New Delhi, June 24, 2018: THE GOULBURN Murray Irrigation District community is getting behind the GMID Water Leadership Group’s ‘Give us a #Fairflow’ campaign, with the region’s producers sharing the message.
GMID Water Leadership Group co-chair and State Member for Shepparton Suzanna Sheed said it was great to see everyone from local businesses to community members, as well as farmers, getting behind the campaign.
“We are pleased the Senate supported amending the (Murray-Darling) Basin Plan to reduce its 2750 Gl target by up to 605 Gl, using projects to deliver the same environmental benefits with less water,” Ms Sheed said.
“But the 450 Gl ‘up-water’ remains on the table. We were promised no more water would be recovered from irrigators if it caused more community hardship. This is not possible if the basin plan’s flawed socio-economic neutrality test stands.”
Ms Sheed said the test assumed if an individual farmer chose to trade water entitlements in return for government funding for upgrades, then the impact was positive or neutral.
She said the tests should not be limited to individual farmers and must also include the broader community, regional and water market impacts, particularly in dry and drought years.
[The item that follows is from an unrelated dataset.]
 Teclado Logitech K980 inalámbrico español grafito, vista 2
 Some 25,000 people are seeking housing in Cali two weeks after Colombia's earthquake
“The GMID remains at risk until the test is broadened,” she said.
An Ernst & Young report commissioned by the Murray-Darling Basin Ministerial Council said more data was required to properly evaluate the individual and collective socio-economic impacts of farmers trading more water entitlements to the environment in return for Commonwealth funding for farm upgrades.
GMID Water Leadership Group member and Committee for Greater Shepparton chief executive officer Sam Birrell said on-farm projects had been a better way of returning water to the environment up until now according to dairynewsaustralia.com.au.
“But there is a point at which any more water leaving the total pool will have a massive negative socio-economic impact. We are at that point now,” Mr Birrell said.
“A more insecure and expensive water supply as farmers compete for less water available on the market threatens the viability of our key industries.
“GMID farmers have contributed more water to the basin plan than any other district, and we are pleased to see river health improving.
“But we can’t afford to lose more water, jobs and production, particularly when the ministers have other, off-farm and urban options to source more water.
“The Senate agreement only gives us certainty if a genuine, evidence-based socio-economic test is applied, and the volume recovered adjusted accordingly.”